Fire council works to reduce fuels in foothill communities

Fire council works to reduce fuels in foothill communities
Mark Rivas of Bobcat Chico explains the power of using mastication for fire prevention and the properties of the mulch which results, Friday in Cohasset. (Natalie Hanson -- Enterprise-Record)
Mark Rivas of Bobcat Chico explains the power of using mastication for fire prevention and the properties of the mulch which results, Friday in Cohasset. (Natalie Hanson -- Enterprise-Record)
COHASSET — Butte County projects are benefiting from grants to speed up fire prevention, however the season to prepare is short for what’s predicted to be an intense California fire season.
According to a recent analysis from the National Institute of Standards and Technology of the Camp Fire’s impact on vegetation on the ridge, fuel treatments around communities may not be able to significantly reduce ember exposures. The report said in wildland and urban interface fires — which are those which occur under severe conditions with challenging topography, low vegetative fuels moisture and high wind speeds — embers can potentially result in catastrophic life and property losses in communities with a high density of vegetative and structural fuels.
The Camp Fire, and subsequent laboratory and field work, demonstrated embers can have significant impact on communities with mixed wildland and urban infrastructure — with energy to cause ignitions generated from parcel-level combustibles such as landscaping mulch, fences and firewood piles. Ember ignitions downwind from parcel-level combustibles enable fire to readily spread from parcel to parcel, the report noted.
And, the hardening of residential and non-residential structures to resist ignition from direct flame exposures can be addressed using two different technical approaches: the fuels can be displaced or the target structure can be hardened, according to the analysis. Reduced ignitions can be achieved by a vegetative fuel treatment on the community by displacing fuels within a parcel — such as locating a combustible shed away from the residence — or increasing the structure setback from the property line, effectively increasing structure separation distance.

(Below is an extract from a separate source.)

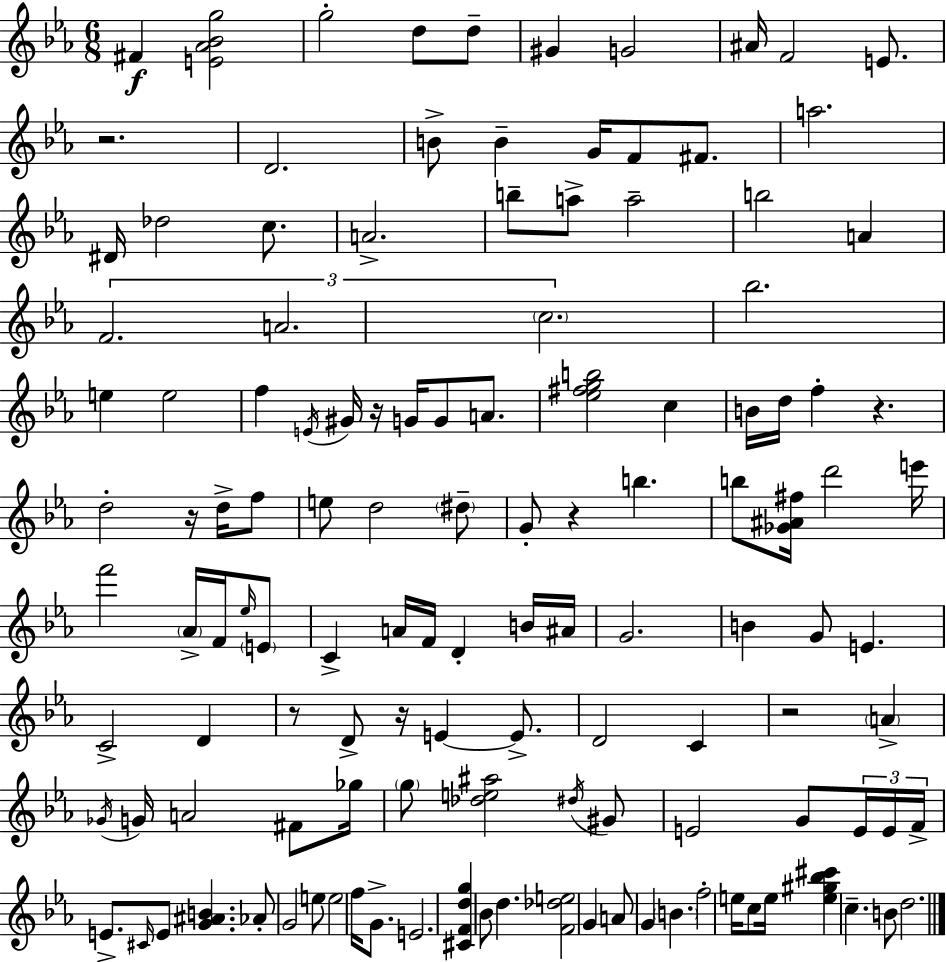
F#4/q [E4,Ab4,Bb4,G5]/h G5/h D5/e D5/e G#4/q G4/h A#4/s F4/h E4/e. R/h. D4/h. B4/e B4/q G4/s F4/e F#4/e. A5/h. D#4/s Db5/h C5/e. A4/h. B5/e A5/e A5/h B5/h A4/q F4/h. A4/h. C5/h. Bb5/h. E5/q E5/h F5/q E4/s G#4/s R/s G4/s G4/e A4/e. [Eb5,F#5,G5,B5]/h C5/q B4/s D5/s F5/q R/q. D5/h R/s D5/s F5/e E5/e D5/h D#5/e G4/e R/q B5/q. B5/e [Gb4,A#4,F#5]/s D6/h E6/s F6/h Ab4/s F4/s Eb5/s E4/e C4/q A4/s F4/s D4/q B4/s A#4/s G4/h. B4/q G4/e E4/q. C4/h D4/q R/e D4/e R/s E4/q E4/e. D4/h C4/q R/h A4/q Gb4/s G4/s A4/h F#4/e Gb5/s G5/e [Db5,E5,A#5]/h D#5/s G#4/e E4/h G4/e E4/s E4/s F4/s E4/e. C#4/s E4/e [G4,A#4,B4]/q. Ab4/e G4/h E5/e E5/h F5/s G4/e. E4/h. [C#4,F4,D5,G5]/q Bb4/e D5/q. [F4,Db5,E5]/h G4/q A4/e G4/q B4/q. F5/h E5/s C5/e E5/s [E5,G#5,Bb5,C#6]/q C5/q. B4/e D5/h.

There has been concern expressed to the county’s Board of Supervisors over limitations under the California Board of Forestry and Fire Protection’s proposed fire safe regulations, which if approved would go into effect July 1. These regulations — proposing requirements for improving roads to properties, including driveways and private roads and public roads, and limiting dead-end road lengths — would include all parcels within “high-severity areas,” or nearly all eastern foothill communities in Butte County, including Cohasset, Forest Ranch and Paradise. The road improvements for a project would be required to the nearest collector road — not just the roadway in front of or along the property.
Local projects
Despite concern about how to conduct significant fuel treatments to prevent more disastrous fires, the Butte County Fire Safe Council has been conducting multiple thinning and controlling efforts around Butte County before July.
Members of the Cohasset community came to a fire council-initiated demonstration of an advanced mastication machine Friday which showed turning even large trees into mulch as a fire prevention strategy alternative to hand chipping.

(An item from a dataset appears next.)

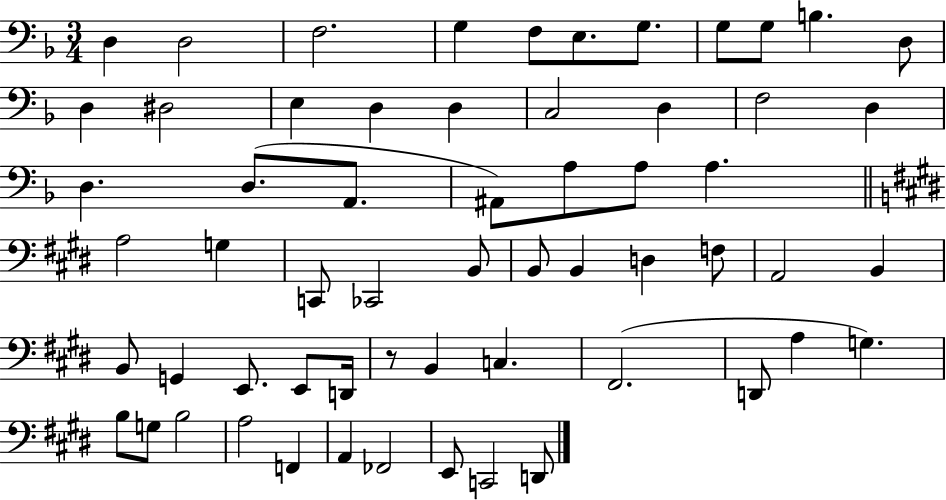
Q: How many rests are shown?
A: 1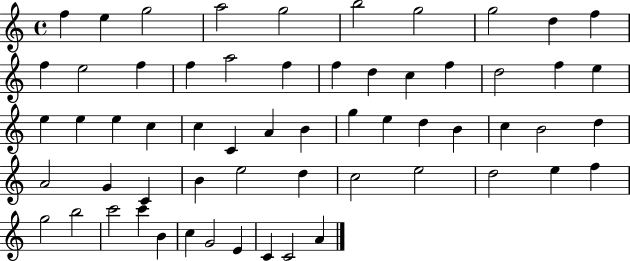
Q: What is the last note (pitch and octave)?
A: A4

 The mastication results funded by Sierra Nevada Conservancy and Cal Fire-Butte County Fire Prevention got positive feedback from locals. Landowner Ron Hall said, “I’m sure every resident up here for the summer, this will probably be the one where we’re most scared because of the lack of water. (There is an) urgency to get as much done as we possibly can.”
Executive Director Calli-Jane DeAnda explained to landowners how community signups for hand chipping projects continue to be important as pile burning is ending soon as the heat increases, postponed until late November. Meanwhile, three contracted herd owners are handling some grazing of treated land with goats, which DeAnda said is the most cost effective option when land is treated properly.

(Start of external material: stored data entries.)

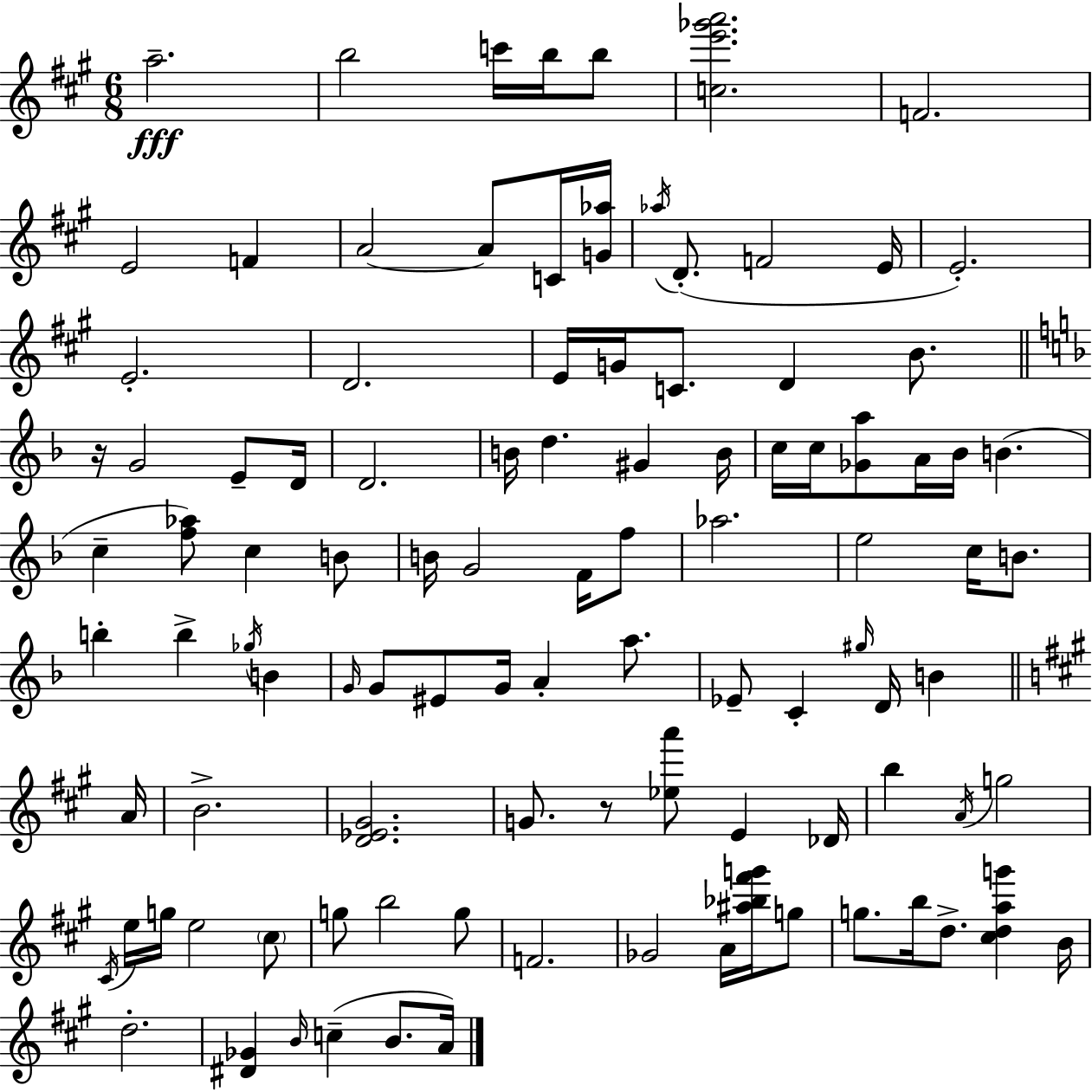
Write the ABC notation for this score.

X:1
T:Untitled
M:6/8
L:1/4
K:A
a2 b2 c'/4 b/4 b/2 [ce'_g'a']2 F2 E2 F A2 A/2 C/4 [G_a]/4 _a/4 D/2 F2 E/4 E2 E2 D2 E/4 G/4 C/2 D B/2 z/4 G2 E/2 D/4 D2 B/4 d ^G B/4 c/4 c/4 [_Ga]/2 A/4 _B/4 B c [f_a]/2 c B/2 B/4 G2 F/4 f/2 _a2 e2 c/4 B/2 b b _g/4 B G/4 G/2 ^E/2 G/4 A a/2 _E/2 C ^g/4 D/4 B A/4 B2 [D_E^G]2 G/2 z/2 [_ea']/2 E _D/4 b A/4 g2 ^C/4 e/4 g/4 e2 ^c/2 g/2 b2 g/2 F2 _G2 A/4 [^a_b^f'g']/4 g/2 g/2 b/4 d/2 [^cdag'] B/4 d2 [^D_G] B/4 c B/2 A/4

It was also explained two North Valley Community Foundation grants for use in the North Complex fires area. The largest grant, $125,000, is for a fire prevention project in the Berry Creek area for the Lake Madrone Water District fire break surrounding a 484-acre district. The other grant of $62,500 will help Paradise Alliance Church expand its defensible space program, mobilizing volunteers to help homeowners remove dead and dying trees.
Another council project is out to bid for upper Magalia to Butte Creek for hand cutting and chipping. 
“We hope to hear from PG&E if they are going to re-fund our chipper program, we’ll know in about three weeks,” DeAnda said. She added the utility is hesitant to fund countywide chipping projects as they “want them to be localized.”
DeAnda said the timber industry is over-saturated with lumber due to many recent fires. The council’s Jim Houtman added the focus continues to be on promoting biomass to make use of wood chips for biofuel energy, reducing fuel in the forest and increasing hardening and chipping projects.

“We’re trying to get a local facility set up, ideally one on the bottom of each ridge line so we can shorten that transportation bringing (material) to a facility, turn it into hydrogen and then sell that hydrogen to make a … revenue stream” which could be used to turn around and make more projects as a circular system, he said.
The Butte County Resource Conservation District is also teaching people how to do their own prescribed burns in Forest Ranch, alongside Cal Fire-Butte County. The next burn will take place Saturday at the Shandel ranch on Oak Grove Lane in Forest Ranch.